Biological function summary
ER regulates gene expression essential for reproductive and breast tissue development. Like many nuclear receptors it forms a complex with coactivators and DNA to initiate transcription. AChE's role extends beyond neurotransmission influencing processes like cell growth and stress responses. Gli3 partakes in developmental pattern formation by acting as both an activator and repressor depending on the cellular context. AR similarly regulates target genes important for male sexual development and other functions. ERRα contributes to mitochondrial biogenesis and energy metabolism often acting independently and with co-regulators. RORγ influences immune regulation especially in lymph nodes and thymus. Nrf2 while not part of a specific complex activates various detoxifying enzymes to protect cells from oxidative damage.
Pathways
ER is critical in the estrogen signaling pathway influencing cellular proliferation and apoptosis and interacts with proteins like coactivator p300. AChE plays a role in synaptic transmission within the cholinergic pathway where it interacts with proteins such as nicotinic acetylcholine receptors. Gli3 operates in the Hedgehog signaling pathway interacting with Smoothened and Patched proteins important for developmental processes. AR is part of the androgen signaling pathway connected with proteins like FKBP5 impacting cellular growth. ERRα links with the AMPK pathway modulating cellular energy levels. RORγ integrates into the Th17 differentiation pathway aiding immune responses. Nrf2 is key in the oxidative stress response pathway interfacing with KEAP1 and ARE sequences to regulate antioxidant proteins.
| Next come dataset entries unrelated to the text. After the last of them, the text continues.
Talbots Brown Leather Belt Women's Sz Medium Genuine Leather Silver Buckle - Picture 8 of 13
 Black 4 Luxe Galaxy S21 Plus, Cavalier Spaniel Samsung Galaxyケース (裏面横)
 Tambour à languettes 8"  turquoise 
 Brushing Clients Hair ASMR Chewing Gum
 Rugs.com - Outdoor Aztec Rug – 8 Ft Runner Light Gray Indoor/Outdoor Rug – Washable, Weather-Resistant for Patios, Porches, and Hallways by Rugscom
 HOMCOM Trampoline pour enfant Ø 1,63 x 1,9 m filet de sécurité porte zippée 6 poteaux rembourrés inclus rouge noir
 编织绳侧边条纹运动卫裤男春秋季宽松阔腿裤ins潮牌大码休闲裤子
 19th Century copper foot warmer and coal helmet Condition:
ER associations are prominent in breast cancer where it interacts with proteins like HER2 and contributes to tumor progression. AChE is linked to Alzheimer's disease due to its involvement in cholinergic system dysfunction. Gli3 mutations can lead to Greig cephalopolysyndactyly syndrome affecting development. Dysregulation of AR is central in prostate cancer with ties to proteins like PSA promoting cancer cell survival. ERRα though not closely tied to specific diseases influences metabolic disorders through its regulatory functions. RORγ's role in autoimmune diseases like rheumatoid arthritis involves interaction with cytokines IL-17. Lastly Nrf2 is associated with chronic obstructive pulmonary disease (COPD) where it interacts with inflammatory pathways highlighting its role in maintaining oxidative balance.